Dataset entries
'''

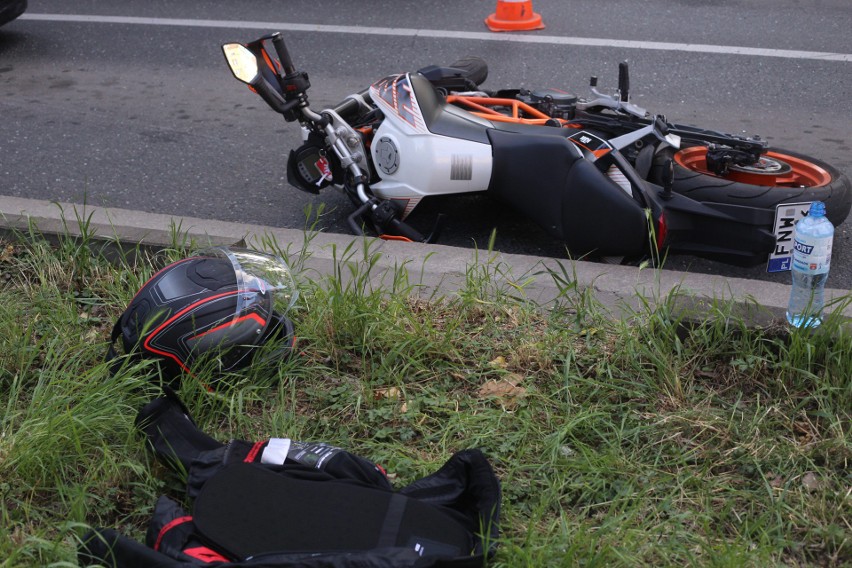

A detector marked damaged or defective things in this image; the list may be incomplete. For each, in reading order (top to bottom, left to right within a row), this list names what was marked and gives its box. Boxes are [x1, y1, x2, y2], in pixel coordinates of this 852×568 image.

overturned motorcycle [223, 35, 848, 270]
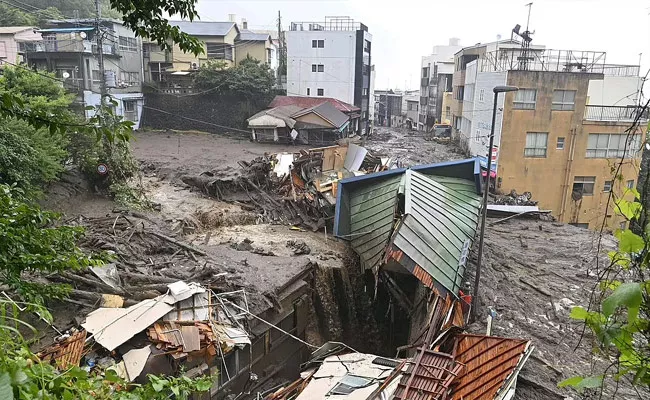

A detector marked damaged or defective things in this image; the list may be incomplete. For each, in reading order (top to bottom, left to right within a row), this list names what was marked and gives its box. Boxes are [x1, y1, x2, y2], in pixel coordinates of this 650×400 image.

torn roof panel [388, 170, 478, 296]
rusted metal sheet [38, 330, 87, 368]
rusted metal sheet [390, 350, 460, 400]
rusted metal sheet [448, 334, 528, 400]
torn roof panel [450, 334, 532, 400]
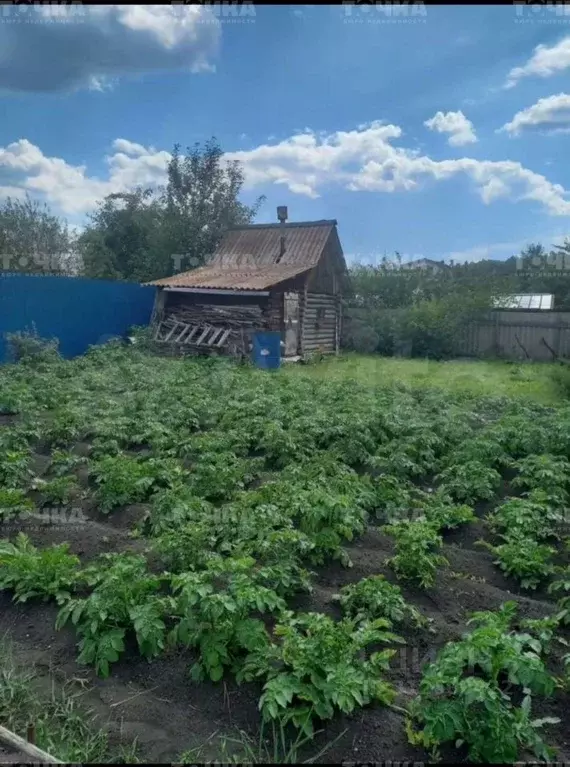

'''

Your job is to repeat every entry exactly, keeping all pictures out of the copy.

Expected output:
A detector marked damaged or defective things in this image; the list may be incomplete. For each, in reading order (top to bottom, left to right within a row), this list names what was marked and gives its box. Boxes are [x1, y1, x2, y2], in pixel coordinates of this 852×568 image.

overturned motorcycle [223, 35, 848, 270]

A detector marked damaged or defective things in this image; the list may be incomplete. For each, in reading order (top to bottom, left to right within a row), this list names what was marked and gives its box. Boxes are [x1, y1, x2, y2], in pixel coordinates of this 650×400 image.

torn roof panel [388, 170, 478, 296]
rusted metal sheet [38, 330, 87, 368]
rusted metal sheet [390, 350, 460, 400]
rusted metal sheet [448, 334, 528, 400]
torn roof panel [450, 334, 532, 400]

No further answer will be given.